- Prompt -
The material below holds the lines to copy: from the one with "سلام عليكم بيت" up to and including the one with "Casa en venta". Copy them exactly and skip the pictures.

- Exercise data -
-=-=-
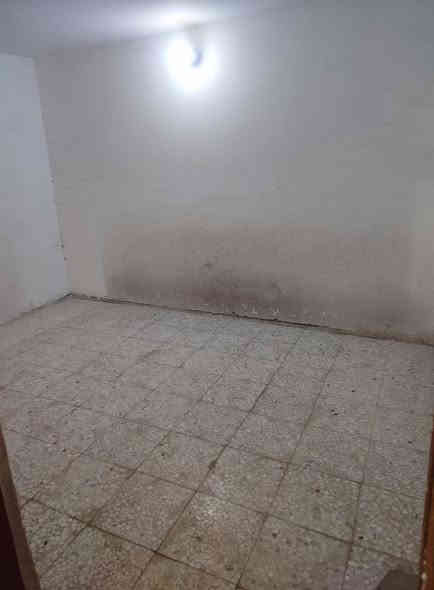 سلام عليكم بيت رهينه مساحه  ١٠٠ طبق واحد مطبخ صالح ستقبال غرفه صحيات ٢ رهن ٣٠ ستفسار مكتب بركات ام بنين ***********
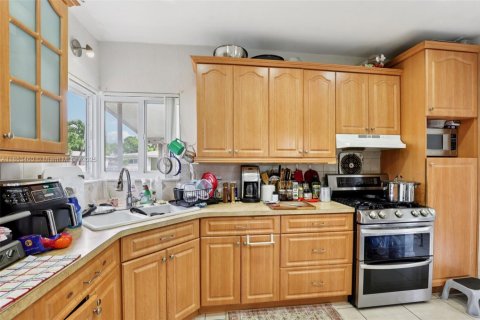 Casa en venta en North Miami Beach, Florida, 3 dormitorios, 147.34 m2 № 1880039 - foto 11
-=-=-
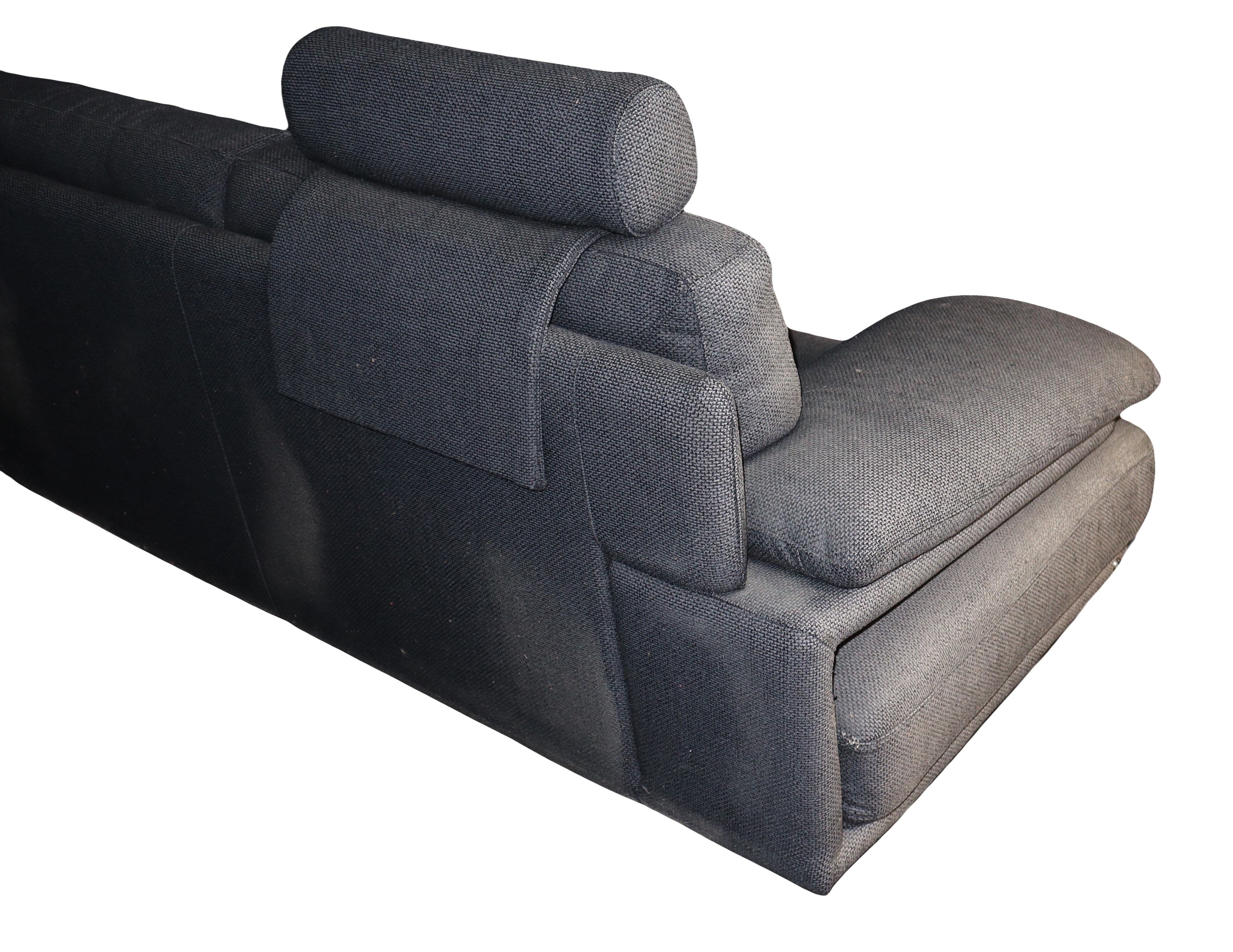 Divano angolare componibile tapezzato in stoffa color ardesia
-=-=-
- Exercise output -
 سلام عليكم بيت رهينه مساحه  ١٠٠ طبق واحد مطبخ صالح ستقبال غرفه صحيات ٢ رهن ٣٠ ستفسار مكتب بركات ام بنين ***********
 Casa en venta en North Miami Beach, Florida, 3 dormitorios, 147.34 m2 № 1880039 - foto 11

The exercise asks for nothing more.